#### Material shown

Segment Open

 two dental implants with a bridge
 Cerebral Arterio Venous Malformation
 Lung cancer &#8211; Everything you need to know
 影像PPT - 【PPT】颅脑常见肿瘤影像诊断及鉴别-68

Segment Closed
Segment Open

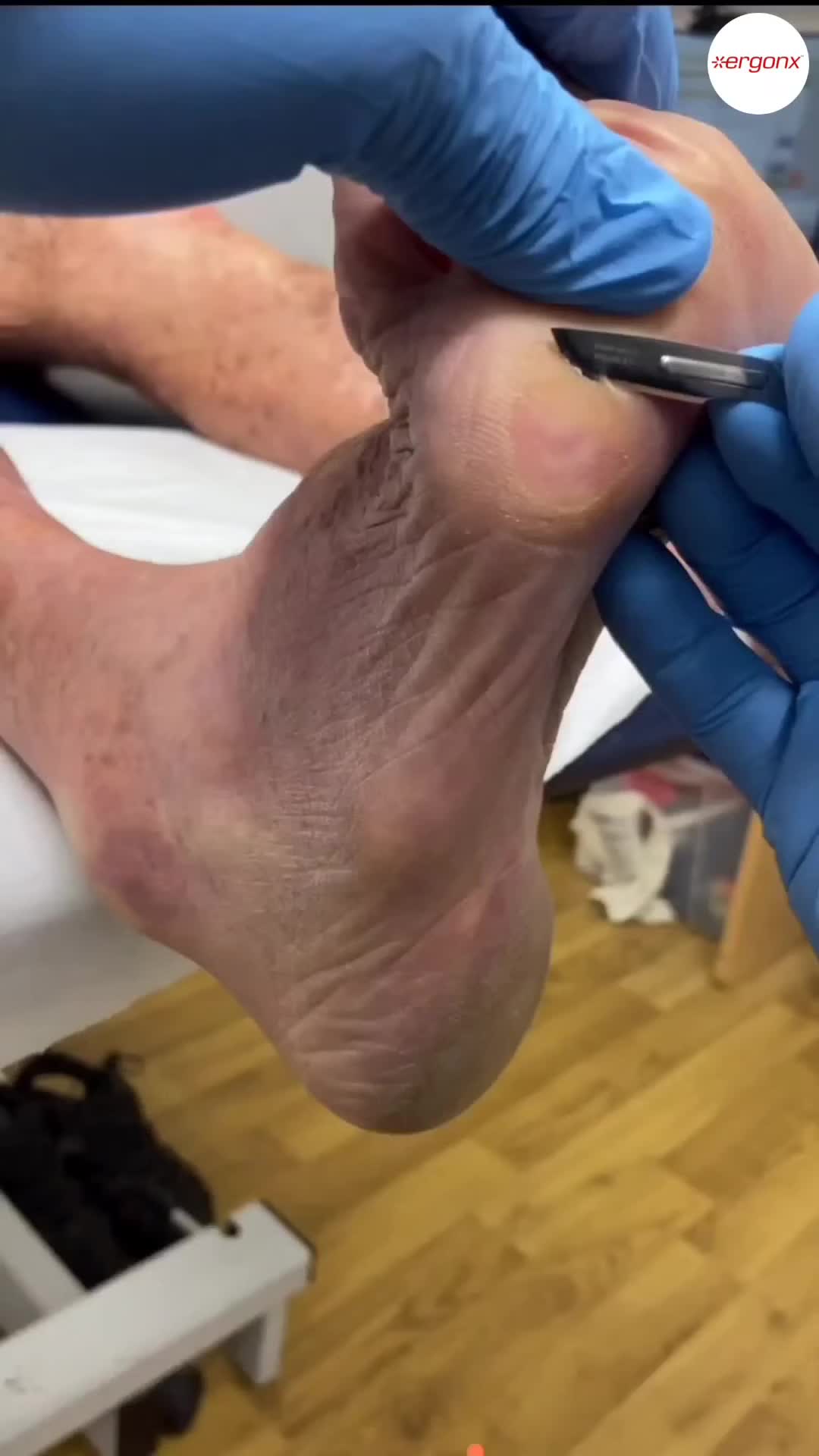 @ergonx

Segment Closed
Segment Open

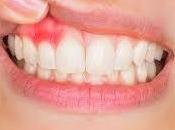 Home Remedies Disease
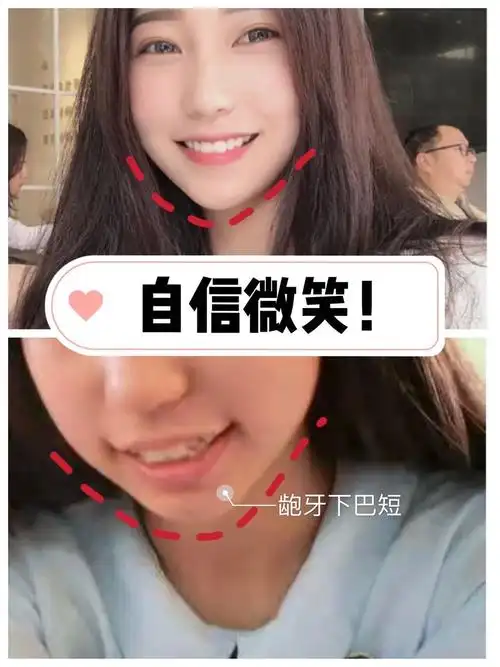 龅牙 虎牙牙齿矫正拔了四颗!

Segment Closed

#### Problem description
After locating the line with "two dental implants with a bridge" above, return that line and every later line through the one with "影像PPT - 【PPT】颅脑常见肿瘤影像诊断及鉴别-68", word for word and with nothing else.

#### Exercise solution
 two dental implants with a bridge
 Cerebral Arterio Venous Malformation
 Lung cancer &#8211; Everything you need to know
 影像PPT - 【PPT】颅脑常见肿瘤影像诊断及鉴别-68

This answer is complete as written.